Most microbial studies based on landscape ecology are based on the patch-matrix model, while the mosaic model is only used in particular cases where patches are very heterogenenous, or where discrete patches correspond to different hosts. Correlations between environmental factors and microbial community composition have been extensively studied (Bru et al., 2011; Vos et al., 2013; Dehkharghani et al., 2019; Martínez-Olivas et al., 2019; Muscarella et al., 2019). Even though they generally imply the continuum conceptual model, these patterns have not been very well connected to the underlying theory behind landscape conceptual models. We review the existing evidence of landscape effects in the section “Effects of Landscape Mosaic Heterogeneity and Habitat Fragmentation on Microorganisms” below.
Spatial and Temporal Scales in Community Structure Across the Landscape
A major question in landscape ecology is the scale of effect (Jackson and Fahrig, 2012; Miguet et al., 2016), i.e., at which scale the landscape variables has to be measured for a better prediction of the relationships between landscape variables and the biological response (e.g., species richness or diversity). This scale of effect is assumed to be related to the scale at which the species perceive and interact with the landscape. It can be analyzed both in space and over time. The standard landscape scale for macro-organisms ranges from hundreds to thousands of square meters, in relation with landscape patchiness and organism’s dispersal range. The response of macro organisms can be measured over years, decades or even centuries in relation with landscape dynamics and an organism’s life span.
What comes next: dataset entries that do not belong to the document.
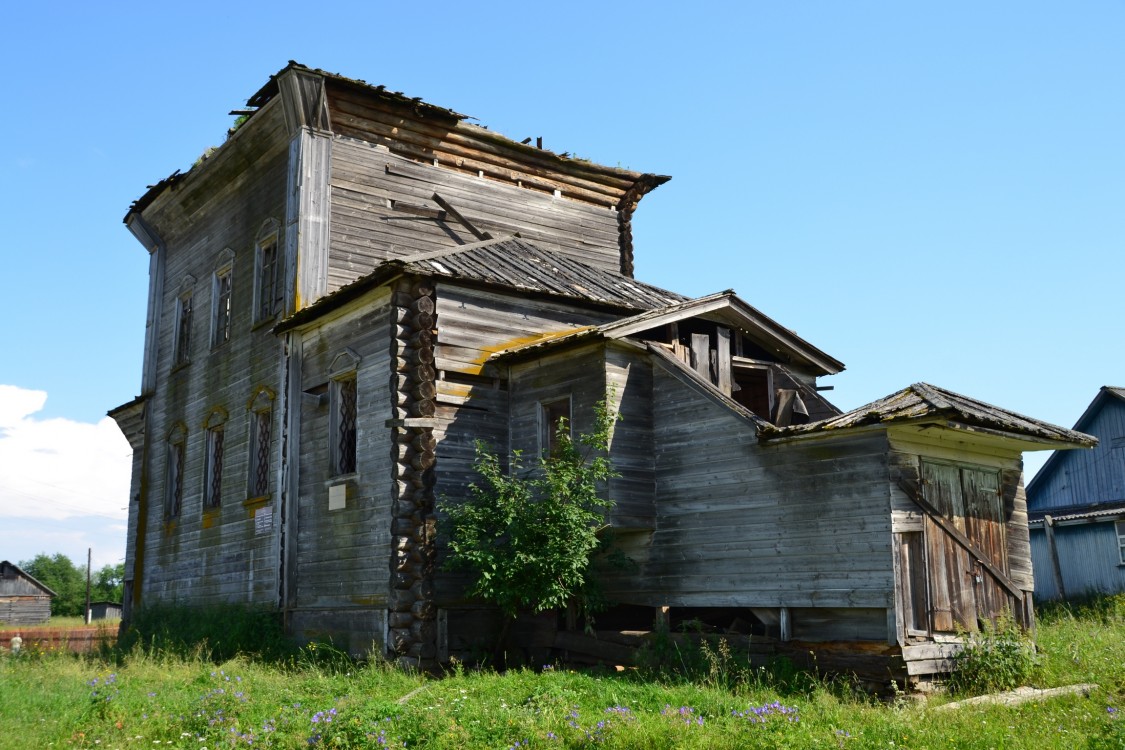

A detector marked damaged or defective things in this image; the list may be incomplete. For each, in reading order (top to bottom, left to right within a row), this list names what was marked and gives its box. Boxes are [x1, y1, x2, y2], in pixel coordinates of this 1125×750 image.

rusty metal roof sheet [769, 384, 1093, 449]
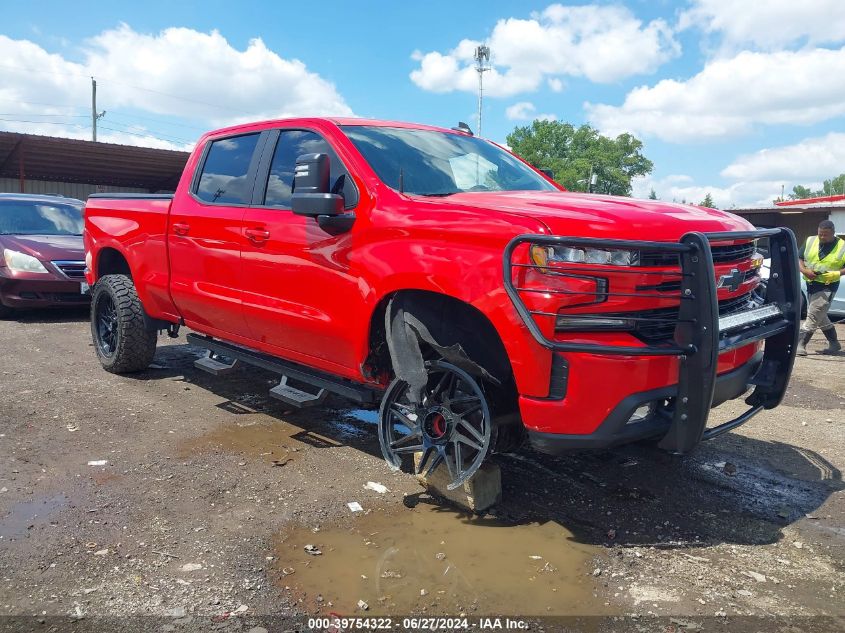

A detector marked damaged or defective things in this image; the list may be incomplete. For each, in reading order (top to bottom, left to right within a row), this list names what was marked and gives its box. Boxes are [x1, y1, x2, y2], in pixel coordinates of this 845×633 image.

damaged front tire [380, 360, 492, 488]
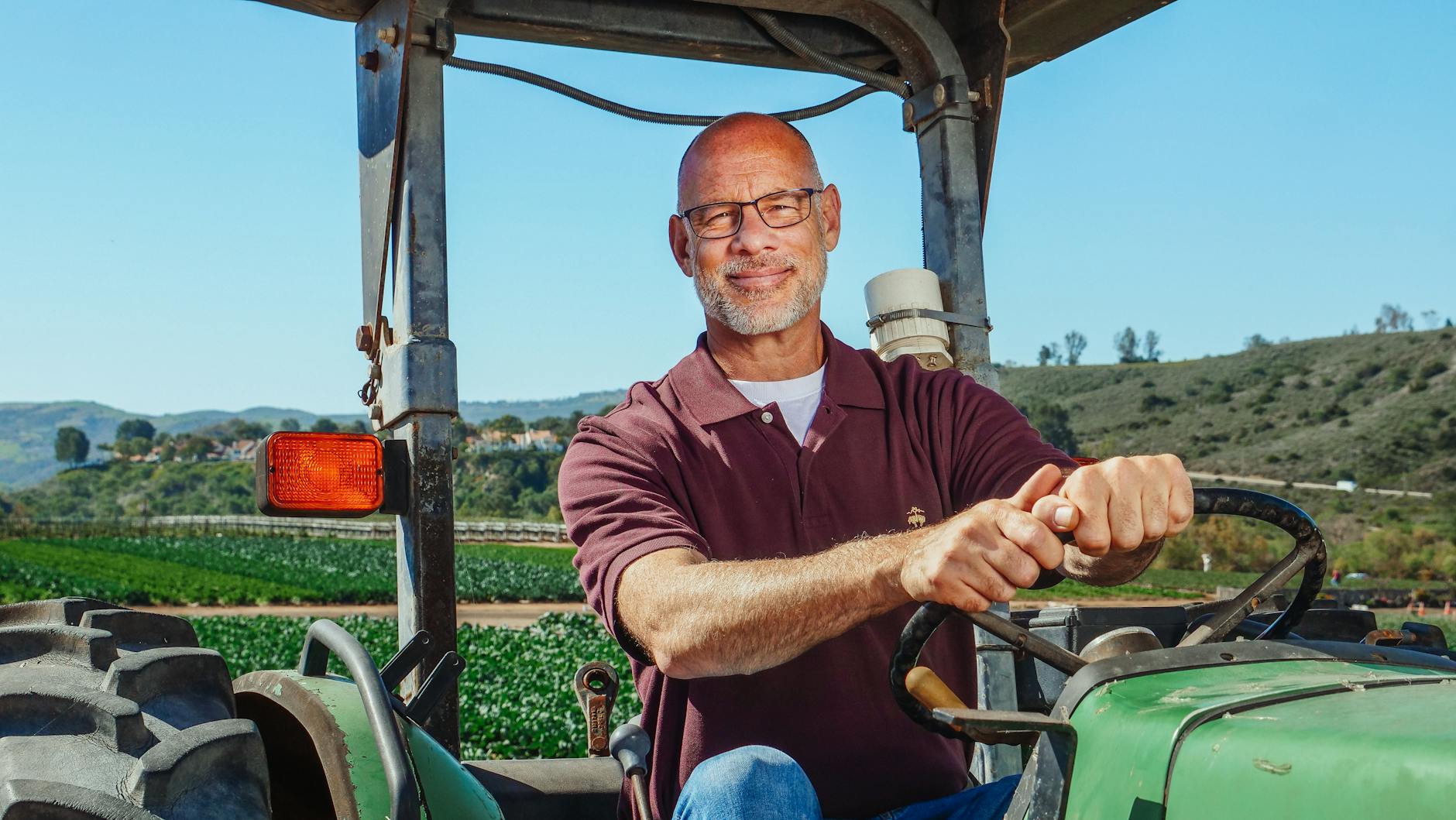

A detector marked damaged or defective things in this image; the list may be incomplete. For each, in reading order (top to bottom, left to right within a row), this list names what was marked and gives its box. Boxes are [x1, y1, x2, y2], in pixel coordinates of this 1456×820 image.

chipped green paint [270, 670, 396, 815]
chipped green paint [1059, 660, 1456, 820]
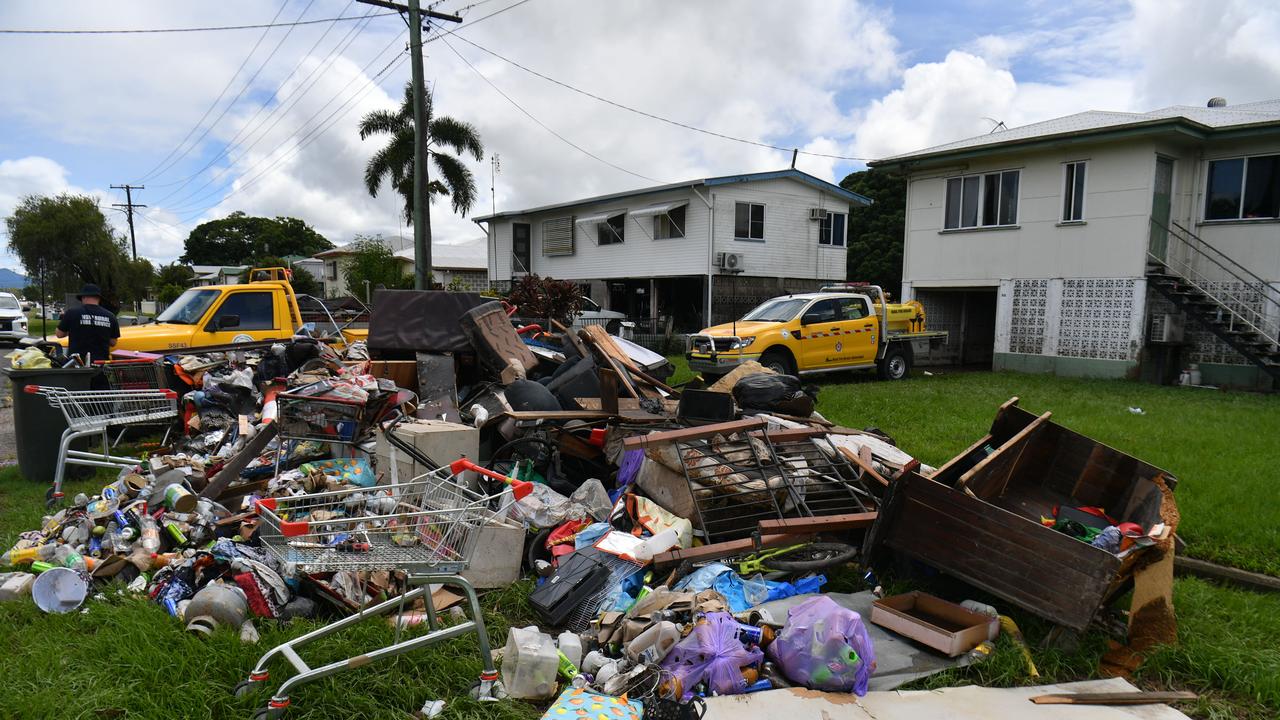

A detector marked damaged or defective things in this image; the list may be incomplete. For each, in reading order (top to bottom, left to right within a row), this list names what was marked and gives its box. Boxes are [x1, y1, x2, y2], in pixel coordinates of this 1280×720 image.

broken furniture [865, 397, 1172, 627]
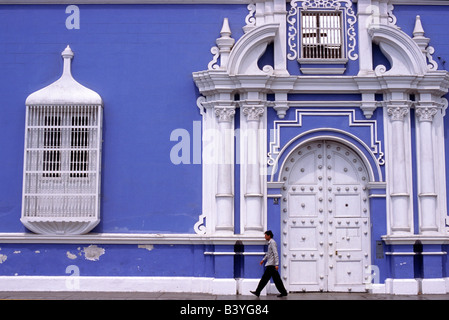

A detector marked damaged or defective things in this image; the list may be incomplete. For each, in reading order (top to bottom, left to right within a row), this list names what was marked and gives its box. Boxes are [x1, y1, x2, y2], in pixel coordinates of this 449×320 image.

peeling paint on wall [82, 244, 105, 262]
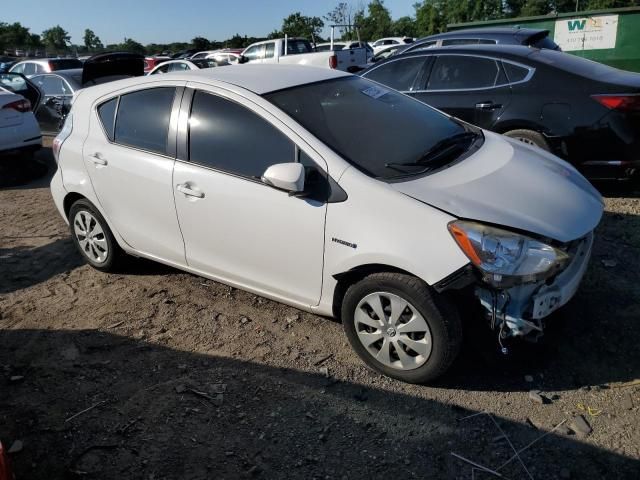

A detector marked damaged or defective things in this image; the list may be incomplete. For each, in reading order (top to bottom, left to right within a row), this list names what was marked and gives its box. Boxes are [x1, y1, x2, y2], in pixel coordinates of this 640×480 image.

exposed headlight housing [448, 220, 568, 286]
damaged front bumper [476, 232, 596, 338]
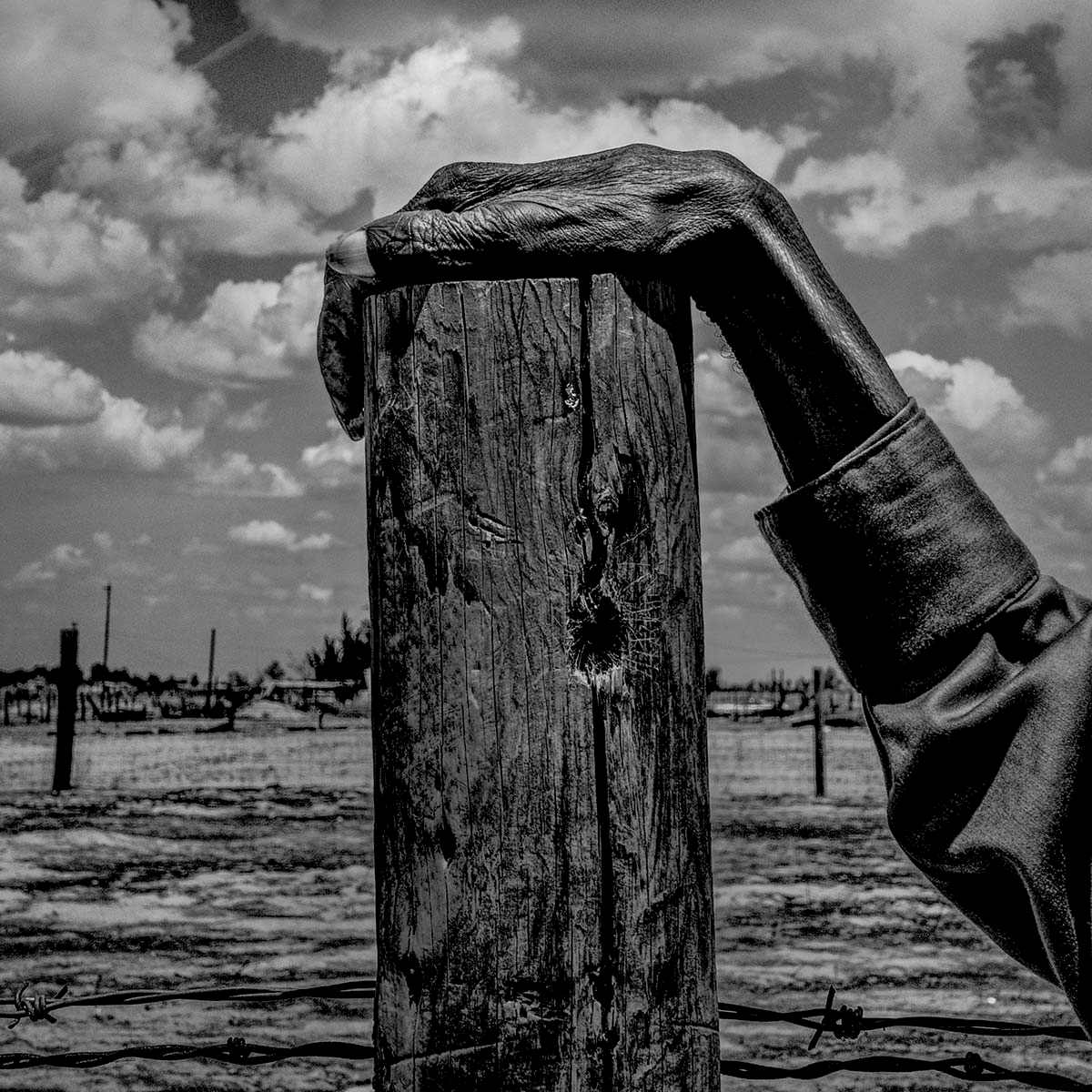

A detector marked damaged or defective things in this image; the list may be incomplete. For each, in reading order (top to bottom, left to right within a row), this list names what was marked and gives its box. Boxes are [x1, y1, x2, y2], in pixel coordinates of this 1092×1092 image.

splintered wood [364, 275, 716, 1092]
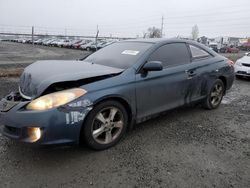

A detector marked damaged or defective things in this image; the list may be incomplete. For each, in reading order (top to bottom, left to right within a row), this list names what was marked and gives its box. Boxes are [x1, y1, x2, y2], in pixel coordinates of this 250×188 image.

crumpled front bumper [0, 94, 93, 146]
broken headlight [26, 88, 87, 110]
dented hood [20, 60, 123, 98]
damaged silver coupe [0, 38, 234, 150]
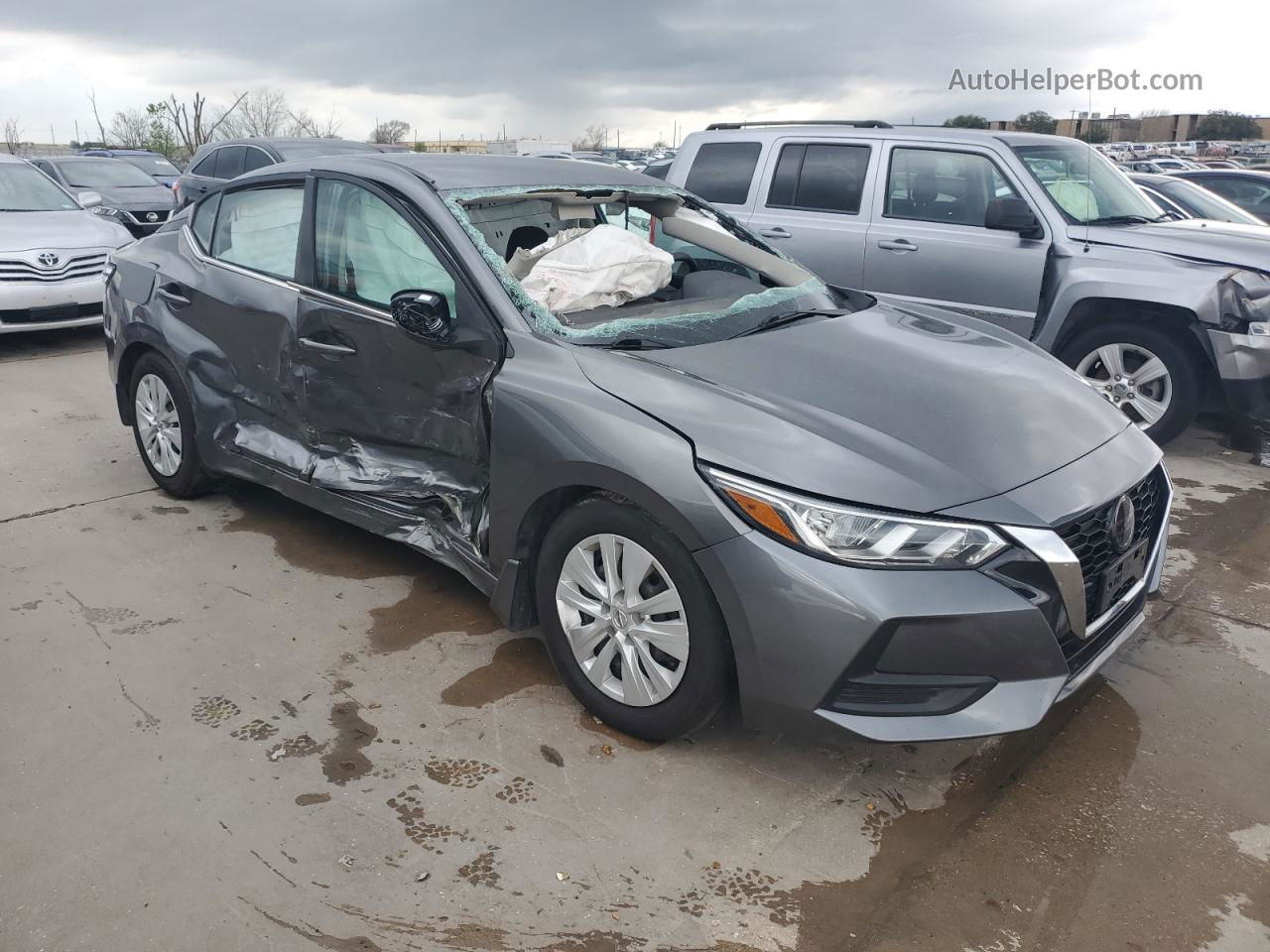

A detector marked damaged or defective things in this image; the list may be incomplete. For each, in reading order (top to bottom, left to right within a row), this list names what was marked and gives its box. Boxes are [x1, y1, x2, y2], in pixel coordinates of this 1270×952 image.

dented rear door [291, 174, 500, 558]
deployed airbag [515, 223, 675, 317]
damaged gray sedan [103, 155, 1173, 746]
shattered windshield [439, 179, 853, 347]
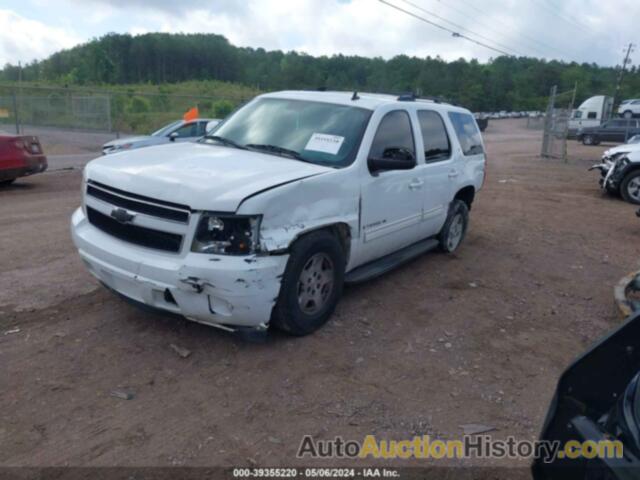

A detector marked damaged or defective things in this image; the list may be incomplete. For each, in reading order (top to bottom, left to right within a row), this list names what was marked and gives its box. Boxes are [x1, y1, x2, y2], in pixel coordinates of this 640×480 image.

damaged front bumper [71, 208, 288, 332]
broken headlight [191, 214, 262, 255]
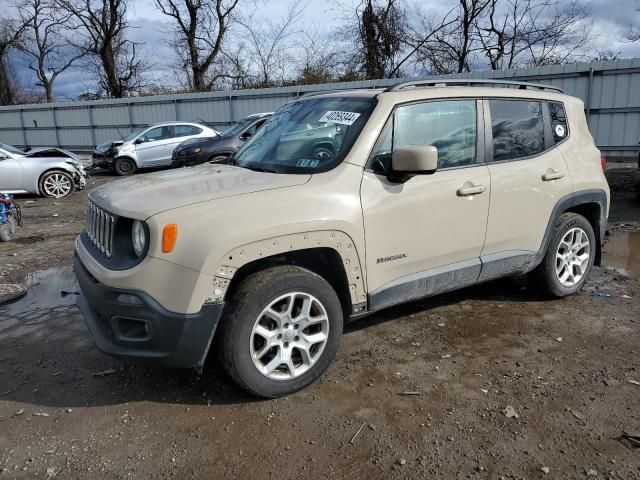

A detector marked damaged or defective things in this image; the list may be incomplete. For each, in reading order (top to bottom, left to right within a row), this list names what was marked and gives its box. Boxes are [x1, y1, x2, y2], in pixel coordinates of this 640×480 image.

damaged white car [0, 143, 86, 198]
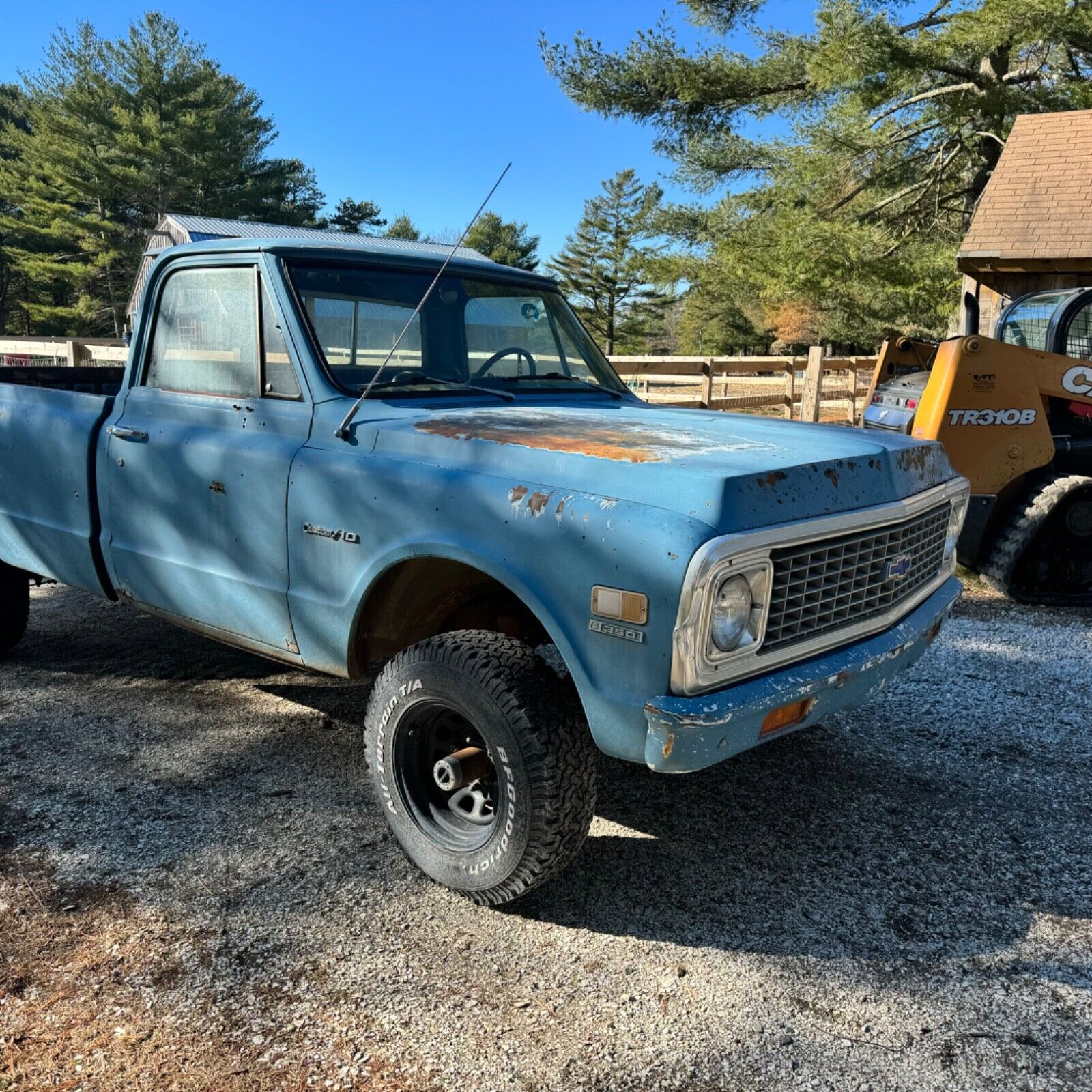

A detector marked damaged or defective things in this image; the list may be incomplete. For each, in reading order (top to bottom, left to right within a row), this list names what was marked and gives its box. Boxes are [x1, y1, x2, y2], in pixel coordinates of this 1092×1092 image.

The scales of response by microorganisms is likely to differ because of their small size and short life span.
Spatial Scales of Microbial Landscapes
Existing literature on microorganism assemblages based on landscape ecology deals with large-scale landscapes (i.e., kilometric landscapes). Large-scale approaches are appropriate given the dispersal distance of many free-living organisms, thanks to the role of vectors such as wind, particles or water fluxes. For instance, the hydrological connectivity in a river floodplain system (i.e., at the kilometric scale) influences the abundance and productivity of bacteria (Luef et al., 2007). The distribution of host-associated microorganisms responds at similarly, large spatial scales given the ability of their hosts to disperse over such a distance and be a vector for these microorganisms. Such a large spatial distance has long been appropriate to assess the dynamics and consequences of animal and plant diseases (Yuen and Mila, 2015) as fungi and bacteria pathogens are mostly spread by the long-distance vectors such as wind, human and animals mentioned above. Landscape epidemiology has developed on this background in order to help predict disease risk and disease propagation from landscape structure (see reviews by Holdenrieder et al., 2004; Suzan et al., 2012).
Although the conceptual framework of landscape ecology has not been explicitly used, a number of studies have demonstrated that microbial assemblages can be shaped by spatial heterogeneities that occur at very small spatial scales. For example, experimental studies that manipulated very small-scale differences in resource supply can produce correspondingly small landscape-induced microbial community changes (Keymer et al., 2006). In an experiment using microfluidic device where patchy and continuous landscapes were modeled, bacterial prey and predator relationships displayed different patterns: prey population in the continuous landscape progressively declined toward extinction, whereas significant stable prey population remained in the patchy landscape, indicating that microscale fragmentation significantly influenced bacterial composition and interactions (Hol et al., 2016). In response to chemical gradients, motile cells have evolved chemotaxis and chemotactic decision and behavior to reach favorable environments (Salek et al., 2019). Chemotactic velocity and performance capabilities in bacteria in response to environmental heterogeneity was habitat-of-origin dependent, seemingly higher for bacteria from the ocean in comparison to bacteria from gut for example (Son et al., 2016). More recently, landscape ecology principles were applied successfully to biotic landscapes, i.e., landscapes viewed as sets of hosts. Biotic landscape heterogeneity shaped endophytic fungal assemblages in plant roots at centimetric scales (Bittebiere et al., 2020; Mony et al., 2020a), with contrasted responses: Ascomycota depended on the floristic landscape composition through plant evenness and richness, while Basidiomycota depended on the floristic landscape configuration through host plant aggregation and connectivity (Mony et al., 2020a).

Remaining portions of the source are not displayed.